Let’s say that Klingberg is due somewhere between $7.5 million and $9 million against the cap per year. Can the Stars afford to have north of $16 million tied up in two defenders? Throw in Esa Lindell’s $5.8 million cap hit and Ryan Suter’s $3.65 million – both of those players are under contract through 2024-25 – and now you’re looking at $25 or $26 million a year against the cap in four blueliners.
Add in Jamie Benn and Tyler Seguin, who combine for a cool $19.35 million in annual cap hit, and now that’s better than half the team’s cap allotment on six players. The math simply doesn’t seem to work. Or it doesn’t seem to.
And that likely explains why the Stars didn’t come up with an offer that made sense to Klingberg, when he was hoping to get an extension done before the start of this season. It also explains that, according to Klingberg, Dallas GM Jim Nill has given agent Peter Wallen permission to talk to other GMs, presumably about what a long-term deal elsewhere looks like.
“He agreed that we could start talking with other GMs and see where we were at,” Klingberg told reporters after reports surfaced that he asked for a trade. “Negotiation-wise with the Stars it has been very quiet.”
It’s sad, in a way, given how much the Stars have meant to Klingberg and he has meant to them. But he noted in his press briefing the other day, it’s a business, and the business of keeping the Dallas Stars tracking forward with young talent like Jason Robertson, Roope Hintz, Denis Gurianov and Jake Oettinger all needing to get paid in the next few years, will require some wizardly gymnastics by Nill to make it happen that Klingberg gets paid and stays in Dallas.

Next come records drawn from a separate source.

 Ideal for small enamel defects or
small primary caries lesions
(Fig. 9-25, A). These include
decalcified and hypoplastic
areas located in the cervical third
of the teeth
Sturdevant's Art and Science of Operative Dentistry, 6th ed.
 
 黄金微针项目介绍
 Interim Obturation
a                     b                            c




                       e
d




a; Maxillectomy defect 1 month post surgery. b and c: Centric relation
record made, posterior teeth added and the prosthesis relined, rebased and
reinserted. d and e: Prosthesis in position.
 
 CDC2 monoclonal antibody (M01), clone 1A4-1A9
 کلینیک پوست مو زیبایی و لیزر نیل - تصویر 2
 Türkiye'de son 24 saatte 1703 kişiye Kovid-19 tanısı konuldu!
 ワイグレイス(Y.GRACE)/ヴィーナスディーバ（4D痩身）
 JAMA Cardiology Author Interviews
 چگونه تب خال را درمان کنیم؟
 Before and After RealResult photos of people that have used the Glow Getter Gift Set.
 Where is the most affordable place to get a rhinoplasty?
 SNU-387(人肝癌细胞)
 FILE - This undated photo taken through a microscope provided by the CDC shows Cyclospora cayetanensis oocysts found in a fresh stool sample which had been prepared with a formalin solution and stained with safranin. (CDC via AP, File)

The bigger question is that if Klingberg is a goner, does Nill try and maximize his return by trying to move the native of Gothenburg before the March 21 trade deadline rather than watch a prime asset walk out the door with no return when the free agent market opens this summer?
Klingberg does not have any trade protection so Nill has lots of flexibility to make a move if he wants to and the return, especially if a team like say the Boston Bruins or New York Islanders are looking at locking up Klingberg long-term, should be significant.
But complicating an already complicated situation is that the Western Conference playoff picture is a bit of a dog’s breakfast and the Stars are right in the mix, four points back as of Tuesday morning, with games in hand, even though they’ve definitely run hot and cold this season. Klingberg has also seen his productivity dip with one goal and 17 points in 27 games.
Still, all signs seem to point to these being the final weeks, maybe months, of Klingberg’s tenure in Dallas. And that’s something that should resonate for everyone in Klingberg’s orbit.